Miss Muggeridge, a bony, pompous blonde, stated that she would avoid the nonsense of marriage and family names, and that therefore the child, if a boy, would be called John America, and if a girl, Helen America.

Thus it happened that little Helen America was born with the correspondents in the press services waiting outside the delivery room. News-screens flashed the picture of a pretty three-kilogram baby. “It’s a girl.” “The perfect child.” “Who’s the dad?”

That was just the beginning. Mona Muggeridge was belligerent. She insisted, even after the baby had been photographed for the thousandth time, that this was the finest child ever born. She pointed to the child’s perfections. She demonstrated all the foolish fondness of a doting mother, but felt that she, the great crusader, had discovered this fondness for the first time.

To say that this background was difficult for the child would be an understatement.

Helen America was a wonderful example of raw human material triumphing over its tormentors. By the time she was four years old, she spoke six languages, and was beginning to decipher some of the old Martian texts. At the age of five she was sent to school. Her fellow schoolchildren immediately developed a rhyme:

Helen, Helen

Fat and dumb

Doesn’t know where

Her daddy’s from!

Helen took all this and perhaps it was an accident of genetics that she grew to become a compact little person—a deadly serious little brunette. Challenged by lessons, haunted by publicity, she became careful and reserved about friendships and desperately lonely in an inner world.

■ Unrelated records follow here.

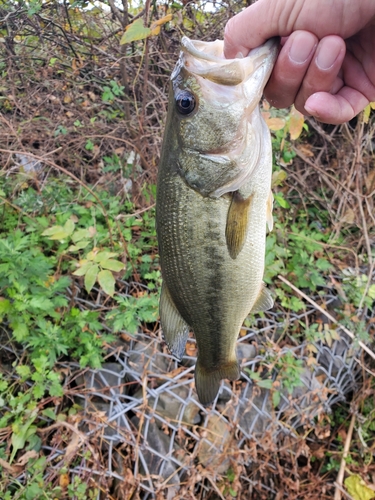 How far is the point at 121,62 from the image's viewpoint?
3.08 metres

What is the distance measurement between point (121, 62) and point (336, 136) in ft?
7.62

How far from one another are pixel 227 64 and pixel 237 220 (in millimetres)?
522

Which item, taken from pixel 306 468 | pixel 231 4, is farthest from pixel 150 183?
pixel 306 468

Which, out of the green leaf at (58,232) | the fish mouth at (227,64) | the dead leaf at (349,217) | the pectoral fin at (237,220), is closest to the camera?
the fish mouth at (227,64)

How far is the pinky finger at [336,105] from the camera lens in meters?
1.38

When Helen America was sixteen her mother came to a bad end. Mona Muggeridge eloped with a man she announced to be the perfect husband for the perfect marriage hitherto overlooked by mankind. The perfect husband was a skilled machine polisher. He already had a wife and four children. He drank beer and his interest in Miss Muggeridge seems to have been a mixture of good-natured comradeship and a sensible awareness of her motherly bankroll. The planetary yacht on which they eloped broke the regulations with an off-schedule flight. The bridegroom’s wife and children had alerted the police. The result was a collision with a robotic barge which left both bodies identifiable.

At sixteen Helen was already famous, and at seventeen already forgotten, and very much alone.